I ducked out to the shops late tonight to pick up a few basics. They are open till midnight all over the city. I bought a tray of strawberries on impulse because they were there, and they were so cheap, and they looked delicious. You have to really commit when you buy strawberries here, as they come in kilo packs, and a kilo is a lot of berries. They cost about ten Egyptian pounds – about two Australian dollars for the kilo. I bought eggs, which also come in a much larger tray than Australia, and potatoes, and because the bag was getting heavy I decided to leave it at that.
Outside the shop was a small boy, with a makeshift trolley with old pram wheels. He looked about seven in the light outside Saudi’s Market. Then I walked into the dark and he fell into step beside me.
Now I could write the Arabic and the translation, but I think it will be easier to read if you know that he spoke in Arabic, and I will write it in English.
“No thank you.”
“Very Cheap – only twenty pounds a kilo?”
“No thank you.”
“OK. Ten pounds a kilo?”
“No thank you.” However, I was now kicking myself for not buying from him as his were much fresher than the supermarkets, and he was down to the same price. He had only two packs left on his little trolley, though there had obviously been more.
In some desperation now he picked up both packs and offered them to me. “Two for ten pounds?”
This was really cheap – two kilos for about two dollars, and really big and perfect berries. Only the “What on earth would I do with three kilos of berries?” question was stopping me from buying them. I go to Kuwait and Abu Dhabi and Dubai in three days and I am BUSY! No time for jam making. No jars either – you never have them when you have just moved.
Then he moved into a patch of moonlight and looked straight up at me. His face looked small and thin, and I thought that though he was working at ten at night, he was younger than my youngest grandchild, who would, at this time, be tucked up and sound asleep.
I bought the berries. I would have bought ten packs. I also gave him five pounds for himself. Tucked into those two words was the fact that he couldn’t go home until they were sold, that he was little and underdressed for a night that was rapidly cooling, and that he had probably been walking all day with wealthy Egyptians and foreigners like me brushing him off as a nuisance.
I gave Bob fresh strawberry juice, and the rest will be blended and frozen. I buzzed them with the juice of a lemon, a little sugar, a good shot of Cointreau and the juice of one of the really luscious navel oranges around at the moment. I half filled a glass with this and an ice cube or two then topped it up with soda. It was absolutely delicious.
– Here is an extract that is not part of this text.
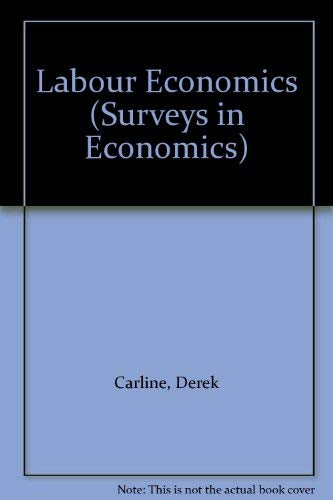 Stock image for Labour Economics (Surveys in Economics) for sale by Simply Read Books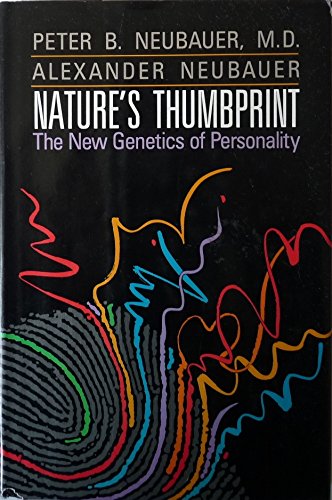 Natures Thumbprint: The New Genetics Of Personality,Used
Just because I can’t resist, I am sending a few photos from the old Medina in Tripoli, in Libya. I still can’t believe I have been there. If you think I am peppering you with too many pictures you are wrong. I am showing unbelievable restraint. I took three hundred pictures in five days. Trying to decide what to send is so difficult.
I love getting comments on this blog – so thank you to my regulars who leave a comment. I can’t answer them directly – it bounces – but it is always lovely to know that I am sending this to real people who actually read it. And – for my good friend who told me to ‘ease up on the foodie stuff as I keep dribbling on the computer keyboard’ – well – enjoy the strawberry juice. I have saved you from the hotel breakfast buffet.
From the sublime...
Wedding carts are used to take the bride to the ceremony - or even just to take a tourist along the waterfront. They are bright with plastic flowers, and some are really elegant, fit for Cinderella.
...to the ridiculous
A more sombre cart, with lovely silver pieces
From the copper souq
These are intended to be seen from below - they are tops for Minarets made in copper. I have always thought of them as a crescent, and it is interesting to see that in Libya at least, they are a circle, much narrower at the top.
I liked the way the green in the wall echoed the verdigris on the copper. I think this is one of my favourite photographs.